You guys been couped up to long over there, does one of your guys live across the street.


----------



## Master Mark (Aug 14, 2009)

*wait till 3 am*

if their number is for real and not a pay phone

you need to call them back at about 3 AM tonight.....

let it ring about 40 times..

I think the weather is starting to irriate people ...


----------



## plbgbiz (Aug 27, 2010)

easttexasplumb said:


> You guys been couped up to long over there, does one of your guys live across the street.
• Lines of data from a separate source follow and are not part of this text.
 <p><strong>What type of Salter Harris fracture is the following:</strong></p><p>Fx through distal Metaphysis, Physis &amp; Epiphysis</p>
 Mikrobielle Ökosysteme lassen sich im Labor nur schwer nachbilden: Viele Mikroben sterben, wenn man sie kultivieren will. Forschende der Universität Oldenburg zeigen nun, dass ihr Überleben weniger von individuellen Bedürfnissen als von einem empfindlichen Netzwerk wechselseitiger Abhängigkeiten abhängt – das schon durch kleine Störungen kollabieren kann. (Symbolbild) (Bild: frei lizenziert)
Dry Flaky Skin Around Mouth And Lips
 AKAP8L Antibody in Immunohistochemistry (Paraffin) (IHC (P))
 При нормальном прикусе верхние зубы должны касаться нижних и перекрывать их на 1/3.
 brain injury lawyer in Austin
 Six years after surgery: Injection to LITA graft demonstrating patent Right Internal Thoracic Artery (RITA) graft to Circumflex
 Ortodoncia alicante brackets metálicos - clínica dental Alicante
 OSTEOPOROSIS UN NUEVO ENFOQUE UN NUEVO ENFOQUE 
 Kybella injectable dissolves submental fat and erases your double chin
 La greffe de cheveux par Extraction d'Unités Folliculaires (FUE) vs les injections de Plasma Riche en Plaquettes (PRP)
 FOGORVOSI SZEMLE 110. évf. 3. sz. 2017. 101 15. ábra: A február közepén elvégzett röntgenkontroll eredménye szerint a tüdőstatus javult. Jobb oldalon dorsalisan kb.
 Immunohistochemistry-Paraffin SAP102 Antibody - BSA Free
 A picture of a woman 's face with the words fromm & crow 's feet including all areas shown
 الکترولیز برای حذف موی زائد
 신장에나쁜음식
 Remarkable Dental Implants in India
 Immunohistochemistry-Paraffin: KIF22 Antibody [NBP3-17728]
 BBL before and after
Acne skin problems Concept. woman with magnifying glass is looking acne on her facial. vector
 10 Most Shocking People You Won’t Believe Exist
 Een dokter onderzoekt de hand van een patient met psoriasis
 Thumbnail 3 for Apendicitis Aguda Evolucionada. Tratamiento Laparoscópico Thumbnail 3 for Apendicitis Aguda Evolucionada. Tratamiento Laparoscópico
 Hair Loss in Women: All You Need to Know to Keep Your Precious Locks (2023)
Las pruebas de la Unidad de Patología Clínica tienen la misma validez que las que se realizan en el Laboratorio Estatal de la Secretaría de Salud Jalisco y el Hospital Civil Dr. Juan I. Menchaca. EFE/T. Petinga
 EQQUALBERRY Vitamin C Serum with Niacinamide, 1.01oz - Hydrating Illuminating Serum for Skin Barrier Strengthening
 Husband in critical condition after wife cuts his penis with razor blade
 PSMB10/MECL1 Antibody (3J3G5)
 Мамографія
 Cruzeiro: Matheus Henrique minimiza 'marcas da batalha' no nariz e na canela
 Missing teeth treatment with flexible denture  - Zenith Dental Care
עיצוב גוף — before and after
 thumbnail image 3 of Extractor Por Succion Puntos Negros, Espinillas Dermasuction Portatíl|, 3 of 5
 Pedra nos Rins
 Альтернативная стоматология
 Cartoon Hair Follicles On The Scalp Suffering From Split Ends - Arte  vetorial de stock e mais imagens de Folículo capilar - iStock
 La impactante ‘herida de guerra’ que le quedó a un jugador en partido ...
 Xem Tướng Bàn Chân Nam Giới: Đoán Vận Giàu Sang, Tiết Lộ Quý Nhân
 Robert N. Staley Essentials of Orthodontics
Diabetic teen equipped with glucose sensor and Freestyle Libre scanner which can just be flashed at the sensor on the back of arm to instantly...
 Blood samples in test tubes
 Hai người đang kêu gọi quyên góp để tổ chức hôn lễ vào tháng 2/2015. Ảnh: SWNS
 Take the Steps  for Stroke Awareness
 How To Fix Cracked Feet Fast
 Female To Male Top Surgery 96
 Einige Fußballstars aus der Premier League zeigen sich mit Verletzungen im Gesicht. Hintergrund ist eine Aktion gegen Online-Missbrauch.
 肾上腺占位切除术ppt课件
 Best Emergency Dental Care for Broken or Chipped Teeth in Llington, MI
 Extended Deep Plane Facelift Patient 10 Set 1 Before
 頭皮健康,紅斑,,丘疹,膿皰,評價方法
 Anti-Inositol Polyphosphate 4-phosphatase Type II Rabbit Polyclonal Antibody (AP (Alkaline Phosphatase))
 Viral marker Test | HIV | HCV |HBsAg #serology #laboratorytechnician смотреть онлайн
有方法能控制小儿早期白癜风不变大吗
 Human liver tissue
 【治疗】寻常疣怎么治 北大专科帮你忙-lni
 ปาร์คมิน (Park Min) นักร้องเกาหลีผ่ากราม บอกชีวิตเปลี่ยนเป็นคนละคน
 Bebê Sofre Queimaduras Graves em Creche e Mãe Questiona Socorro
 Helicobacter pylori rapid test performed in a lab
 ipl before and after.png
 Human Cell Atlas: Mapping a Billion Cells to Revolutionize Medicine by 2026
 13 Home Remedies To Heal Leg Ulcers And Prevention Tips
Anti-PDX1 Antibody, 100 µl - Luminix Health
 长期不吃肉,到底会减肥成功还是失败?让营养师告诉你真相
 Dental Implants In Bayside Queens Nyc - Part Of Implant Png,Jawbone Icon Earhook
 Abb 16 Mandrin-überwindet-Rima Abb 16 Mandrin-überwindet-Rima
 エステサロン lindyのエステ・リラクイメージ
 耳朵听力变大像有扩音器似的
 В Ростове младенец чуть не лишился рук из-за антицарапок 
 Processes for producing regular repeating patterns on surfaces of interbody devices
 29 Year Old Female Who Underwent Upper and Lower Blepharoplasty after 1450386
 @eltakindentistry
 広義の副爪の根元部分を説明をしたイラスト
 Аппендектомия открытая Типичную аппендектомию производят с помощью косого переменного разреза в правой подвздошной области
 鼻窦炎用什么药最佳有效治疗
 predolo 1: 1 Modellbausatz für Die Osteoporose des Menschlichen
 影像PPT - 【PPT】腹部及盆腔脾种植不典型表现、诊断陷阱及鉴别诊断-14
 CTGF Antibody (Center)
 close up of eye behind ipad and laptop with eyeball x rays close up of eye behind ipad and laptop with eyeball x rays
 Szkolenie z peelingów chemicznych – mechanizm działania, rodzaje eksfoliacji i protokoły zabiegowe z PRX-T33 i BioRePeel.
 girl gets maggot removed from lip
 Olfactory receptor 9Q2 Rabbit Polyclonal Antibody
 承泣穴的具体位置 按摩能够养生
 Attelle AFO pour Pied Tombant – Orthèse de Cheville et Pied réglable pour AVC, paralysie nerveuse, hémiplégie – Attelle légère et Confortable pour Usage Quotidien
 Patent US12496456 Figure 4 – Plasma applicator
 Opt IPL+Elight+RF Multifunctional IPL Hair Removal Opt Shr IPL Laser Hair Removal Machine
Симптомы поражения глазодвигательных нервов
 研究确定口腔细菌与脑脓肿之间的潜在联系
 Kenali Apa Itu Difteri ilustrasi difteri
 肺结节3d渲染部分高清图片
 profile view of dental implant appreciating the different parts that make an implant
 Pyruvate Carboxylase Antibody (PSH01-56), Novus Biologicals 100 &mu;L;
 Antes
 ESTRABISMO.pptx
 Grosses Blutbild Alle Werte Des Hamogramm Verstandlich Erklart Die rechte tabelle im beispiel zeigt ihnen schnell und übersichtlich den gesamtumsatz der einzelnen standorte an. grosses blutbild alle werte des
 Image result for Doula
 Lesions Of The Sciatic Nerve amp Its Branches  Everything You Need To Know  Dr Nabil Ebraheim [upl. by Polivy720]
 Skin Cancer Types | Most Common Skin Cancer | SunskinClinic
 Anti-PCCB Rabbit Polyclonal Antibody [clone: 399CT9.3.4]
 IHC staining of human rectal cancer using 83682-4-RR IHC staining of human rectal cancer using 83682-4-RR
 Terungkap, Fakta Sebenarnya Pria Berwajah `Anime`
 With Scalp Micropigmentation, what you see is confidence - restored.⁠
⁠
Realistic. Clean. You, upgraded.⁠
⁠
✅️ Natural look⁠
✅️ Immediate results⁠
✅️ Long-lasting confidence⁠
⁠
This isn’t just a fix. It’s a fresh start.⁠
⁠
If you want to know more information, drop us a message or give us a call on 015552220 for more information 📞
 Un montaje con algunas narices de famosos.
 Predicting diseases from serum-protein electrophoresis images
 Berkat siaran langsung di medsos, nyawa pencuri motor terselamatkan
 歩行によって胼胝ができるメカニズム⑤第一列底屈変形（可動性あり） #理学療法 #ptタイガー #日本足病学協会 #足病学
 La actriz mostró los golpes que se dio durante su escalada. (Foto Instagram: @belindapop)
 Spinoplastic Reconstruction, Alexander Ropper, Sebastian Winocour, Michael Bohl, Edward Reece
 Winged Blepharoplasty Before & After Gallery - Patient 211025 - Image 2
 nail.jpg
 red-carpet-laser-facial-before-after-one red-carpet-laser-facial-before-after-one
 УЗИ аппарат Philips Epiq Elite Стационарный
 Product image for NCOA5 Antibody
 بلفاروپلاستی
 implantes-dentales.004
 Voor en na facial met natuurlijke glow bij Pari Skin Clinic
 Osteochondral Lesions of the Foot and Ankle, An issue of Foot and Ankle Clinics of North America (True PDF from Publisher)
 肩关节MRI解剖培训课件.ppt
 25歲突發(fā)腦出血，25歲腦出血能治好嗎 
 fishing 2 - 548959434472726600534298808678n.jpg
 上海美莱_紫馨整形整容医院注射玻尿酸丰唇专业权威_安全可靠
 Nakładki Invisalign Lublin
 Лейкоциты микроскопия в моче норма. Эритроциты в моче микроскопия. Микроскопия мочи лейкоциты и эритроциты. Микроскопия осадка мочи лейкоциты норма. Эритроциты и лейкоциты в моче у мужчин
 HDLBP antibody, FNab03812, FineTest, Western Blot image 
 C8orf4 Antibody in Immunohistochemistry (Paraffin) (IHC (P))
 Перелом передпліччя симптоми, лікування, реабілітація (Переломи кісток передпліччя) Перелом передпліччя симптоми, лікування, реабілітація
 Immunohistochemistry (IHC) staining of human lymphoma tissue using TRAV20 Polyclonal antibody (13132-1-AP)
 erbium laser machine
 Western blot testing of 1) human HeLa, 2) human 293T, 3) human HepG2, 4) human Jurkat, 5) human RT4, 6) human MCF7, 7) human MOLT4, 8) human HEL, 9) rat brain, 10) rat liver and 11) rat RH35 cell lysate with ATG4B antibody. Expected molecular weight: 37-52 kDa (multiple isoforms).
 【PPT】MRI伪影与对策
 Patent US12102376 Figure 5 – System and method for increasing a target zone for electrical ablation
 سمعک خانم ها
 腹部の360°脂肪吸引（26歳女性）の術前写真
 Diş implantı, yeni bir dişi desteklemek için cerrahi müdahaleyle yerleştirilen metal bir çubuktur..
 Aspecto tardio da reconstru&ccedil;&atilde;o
Now that would be funny. :no:


----------



## Tommy plumber (Feb 19, 2010)

plbgbiz said:


> Was out in the snow today seeing after 4 days off, if we could put a truck on the road tomorrow. Got a call from the answering service. Seems a single mom at home with three kids had water raining down through the ceiling and was understandably frantic.
> 
> She gave me a sad story and since I was not too far away I agreed to stop by and shut the water off for her.
> 
> Vacant house with no doors and no windows and the phone is no longer being answered. :furious: :wallbash:


 




Maybe you need to find another answering service. :whistling2:


----------



## waldrop (Dec 18, 2009)

What the number ? You can get help there plenty of folks here who can call them for you:yes:


----------



## Proud Plumber (Sep 15, 2008)

plbgbiz said:


> Was out in the snow today seeing after 4 days off, if we could put a truck on the road tomorrow. Got a call from the answering service. Seems a single mom at home with three kids had water raining down through the ceiling and was understandably frantic.
> 
> She gave me a sad story and since I was not too far away I agreed to stop by and shut the water off for her.
> 
> Vacant house with no doors and no windows and the phone is no longer being answered. :furious: :wallbash:


Sounds like it is time for the kiddies to go back to school. 20 bucks says a house full of kids in the neighborhood were ROFLTAO at you. Another 20 bucks says there is a pizza guy that is just as PO'd as you.


----------



## greenscoutII (Aug 27, 2008)

Sorry you got pranked. But, come on, it is _kinda_ funny.....:laughing:

Just find out who did it, let it go a month or two until he thinks you forgot and then put it to him X 10.


----------